Jacin inhaled as the voice grew louder, until footsteps were right outside the door. But the footsteps and voices soon faded in the other direction.

Iko peeked around the base of the tank, but he held a finger to his lips. Cinder’s face appeared a second later, questioning.

Jacin gave a cursory glance to the rest of the lab. Each of the suspension tanks had a small tube that connected it to a row of holding containers. Though most of the tubes were clear, a few of them were tinted maroon with slow-flowing blood.

“What is this place?” Cinder whispered. Her face was twisted with horror. She was staring at the unconscious form of a child, maybe a few years old.

“They’re shells,” he said. “She keeps them here for an endless supply of blood, which is used in producing the antidote.”

When a shell was born and taken away, their families were told they were being killed as part of the infanticide laws. Years ago they had actually been kept in captivity—secluded dormitories where they were regarded as little more than useful prisoners. But one day those imprisoned shells had raised a riot and, unable to be controlled, managed to kill five thaumaturges and eight royal guards before they’d been subdued.

Since then they’d been considered both useful and dangerous, which had led to the decision to keep them in a permanent comatose state. They were no longer a threat and their blood could more easily be harvested for the platelets that were used for the letumosis antidote.
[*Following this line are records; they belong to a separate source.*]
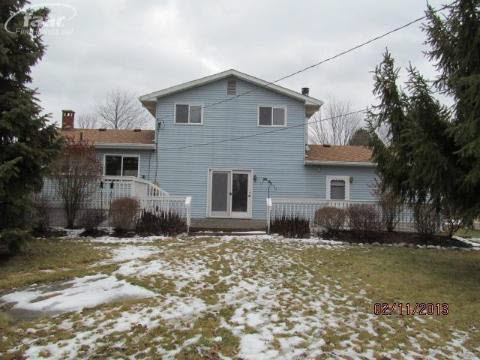 544 Spring Lane Flushing, MI 48433 - Photo 3 of 36 20343550-2.JPG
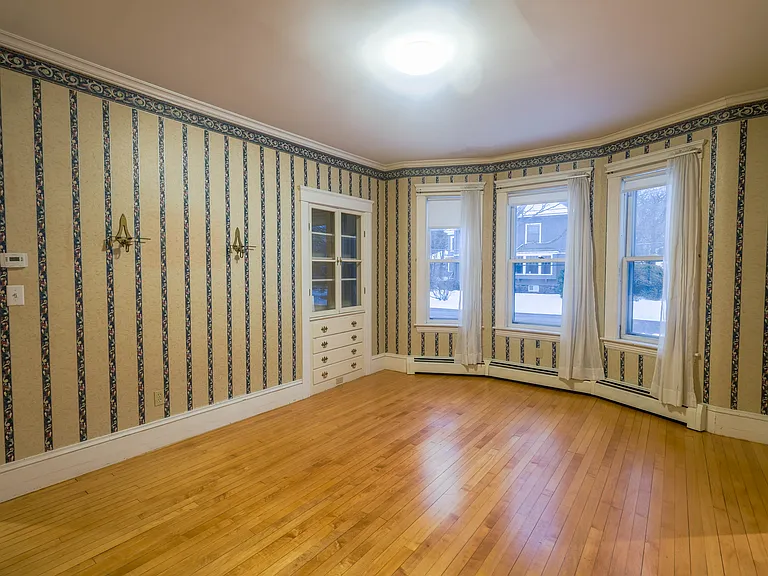 76 Walnut St — Photo 10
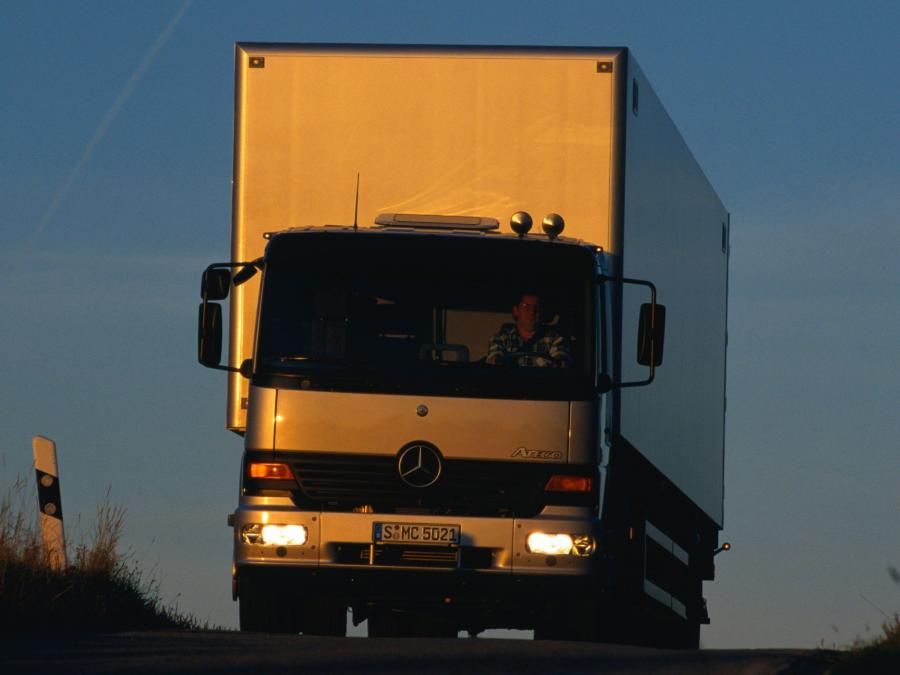  Mercedes-Benz Atego 1323 1998 года  (фото 3 из 6)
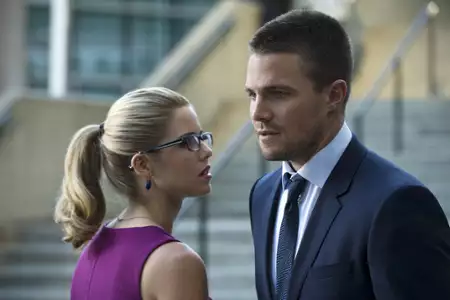 Arrow - galeria zdjęć - filmweb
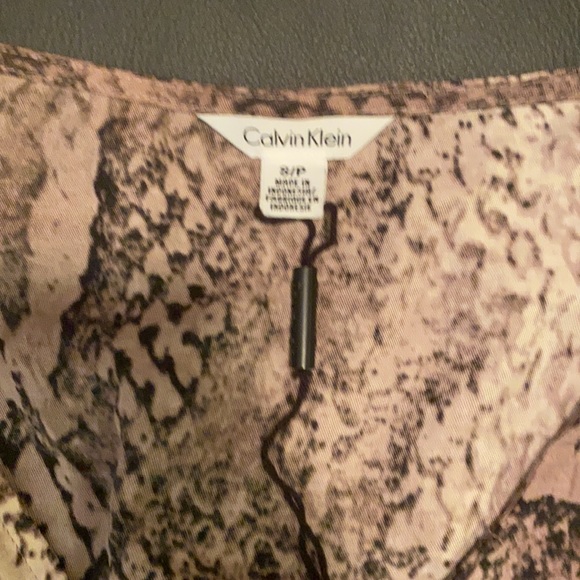 Calvin Klein Snake Print Blouse Size Small - Picture 2 of 2
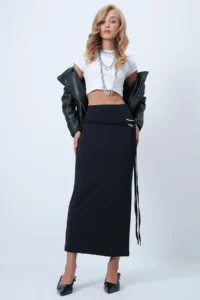Trend Alaçatı Stili Women's Black Belt Detailed Midi Length Sandy Skirt Alc-X14550 - Image 2
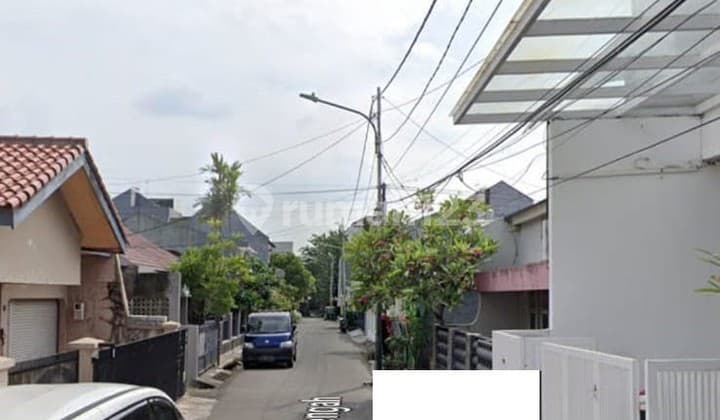 Rumah Bagus Kayu Putih Tengah Pulo Gadung Jakarta Timur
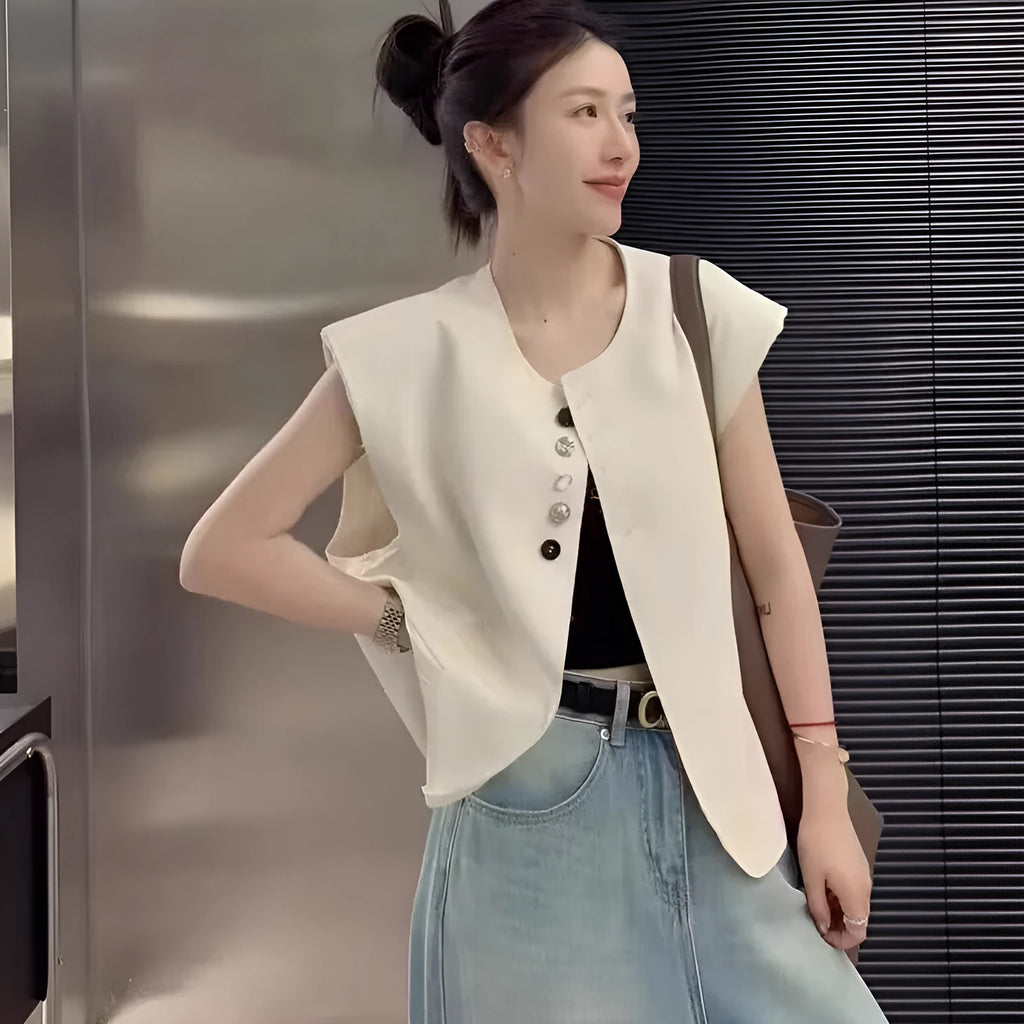 Women's loose-fit polyester vest in solid colour with pocket detailing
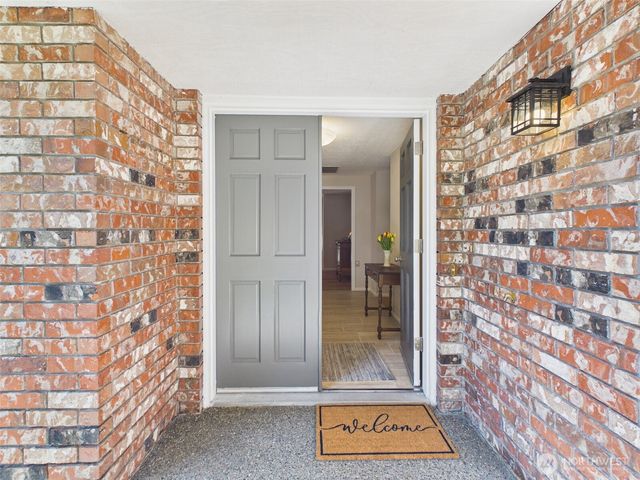 3211 70th Avenue SW, Olympia, WA 98512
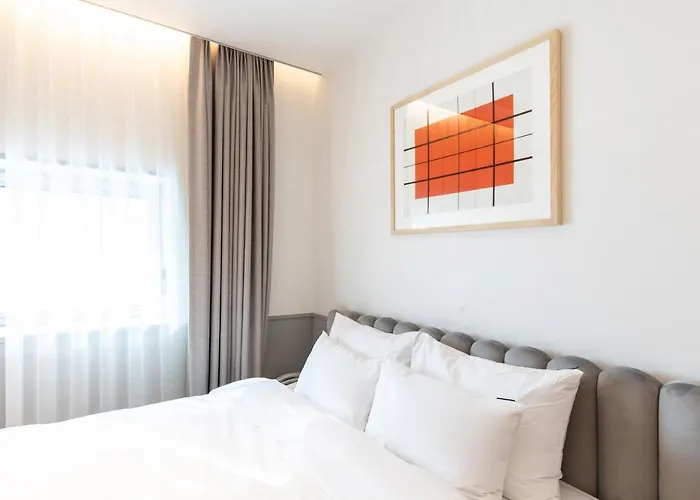 Hotel H Avenue Gwanganri 2*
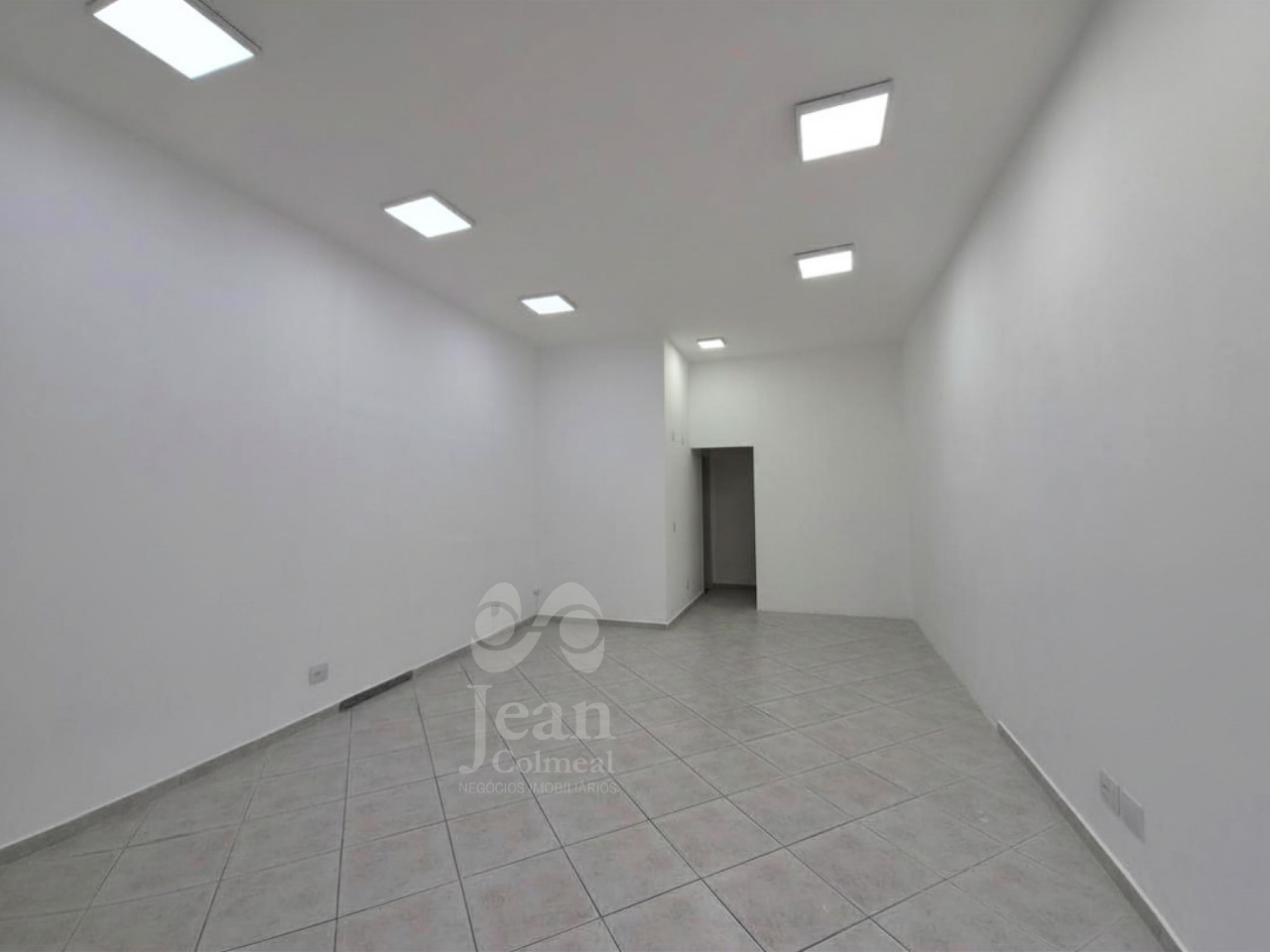 Salão Comercial para aluguel no Centro:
Few people knew the infanticide laws were fake and that their lost children were still alive, if barely.

Jacin had never been in this room before, though he’d known it existed. The reality was more appalling than he’d imagined. It occurred to him that if he’d succeeded in becoming a doctor and escaped his fate as a palace guard, he may have ended up in this same lab. Only, instead of healing people, he’d be using them.

Iko had gone back to the door. “I don’t hear anyone in the hallway.”

“Right. We should go.” Cinder brushed her fingertips over the tank of the young child, her eyes crinkled with sadness, but also—if Jacin knew anything about her—a touch of determination. He suspected she was already planning the moment when she would come back here, and see them all freed.

Sixty-Nine

The two people they’d heard in the hallway were nowhere to be seen. They soon found the door labeled DISEASE RESEARCH AND DEVELOPMENT, right where the diagram had told them it would be.

The lab was filled with designated stations—each one with a stool, a metal table, a series of organized vials and test tubes and petri dishes, a microscope, and a stand of drawers. Impeccably clean. The air tasted sterile and bleached. Holograph nodes hung on the walls, all turned off.